I’m just getting started with trying to use Gaussian processes. I have watched Statistical Rethinking 2023 - 16 - Gaussian Processes a few times and listened to some episodes on the Learning Bayesian Statistics where Gaussian processes were discussed. I also read through Gaussian Processes — PyMC 5.15.1 documentation. Now I want to start using them in my own projects, but I would like to use a kernel which doesn’t appear to be implemented yet.

In my case I have observations in terms of latitude and longitude, which I intend on converting to radians. I would like to use a base kernel equal to the haversine distance:

(\phi_1, \phi_2, \lambda_1, \lambda_2) \mapsto 2 r \arcsin \left( \sqrt{\frac{1-\cos(\phi_2-\phi_1) + \cos \phi_1 \cos \phi_2 (1 - \cos (\lambda_2 - \lambda_2) )}{2}} \right)

Is there a straightforward way to implement a kernel like this?

CC @lucianopaz

Hi @Galen_Seilis, that’s a great question with an uncomfortable answer. I had the same question some years ago, and I ended up implementing a Matern kernel that used the Haversine distance (actually the grand-circle distance), and I had to dig deep to find out why my kernel gave back such huge CRAP.
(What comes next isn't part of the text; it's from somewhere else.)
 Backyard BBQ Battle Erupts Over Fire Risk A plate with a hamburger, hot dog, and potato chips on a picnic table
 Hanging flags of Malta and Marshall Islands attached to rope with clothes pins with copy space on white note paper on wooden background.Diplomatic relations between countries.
I think that you had the same intuition that I had, use the Haversine distance instead of the Euclidean distance with a standard kernel like one from the Matern family. The short answer is that you cannot simply put any distance function inside of a Matern kernel and hope that the result works as a valid kernel (insert Boromir meme). For a short discussion, you can read section 2.1 here. Defining kernels on manifolds, like a sphere is perfectly possible, but you have to be careful that you end up with a positive semidefinite function at the end (the only real property required by a GP covariance kernel). Putting the Haversine inside Matern, is not positive semidefinite, and makes your GP wrong (it’s like trying to model Gaussian noise using a negative variance).

There are a couple of easy ways around this problem:

  1. Use the Chordal distance instead of the grand-circle distance. This works because Chordal distance is simply Euclidean distance of points that are constrained to be on the surface of a sphere.
  2. Work with projections onto flat 2D planes. An example of this is the UTM system.
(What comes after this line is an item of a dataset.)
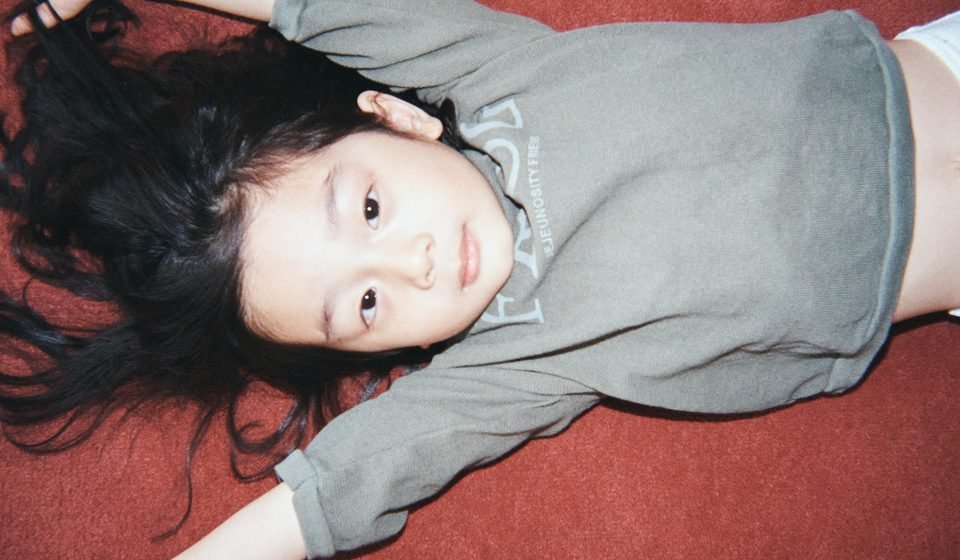 Child lying on a red surface wearing JEJEUNOSITY kidswear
The harder path, is to try to actually find a way to get kernels that work with the grand-circle distance. You can have a look at the reference I shared earlier, or you could also try out the things these people say, keeping in mind that they actually want to be able to use non-stationary kernels on the sphere.

7 Likes

Not sure if this is appropriate because the author himself did not link to it: Modeling spatial data with Gaussian processes in PyMC - PyMC Labs but my semantic cluster algorithm thought it could be

2 Likes

I’d like to implement this in PyMC as a HSGP. Unfortunately I can’t promise any timeline though. @bwengals

1 Like

@Galen_Seilis, in your particular case, is latitude/longitude actually the most convenient parameterization?

1 Like

Good question. I don’t have any reason to say that it is optimal to parametrize by lat/long. The coordinates in the data are given as lat/long, but a change of coordinates to improve the math or MCMC is an option. Diffeomorphisms on a sphere are preferable among maps that one may use to change the coordinates.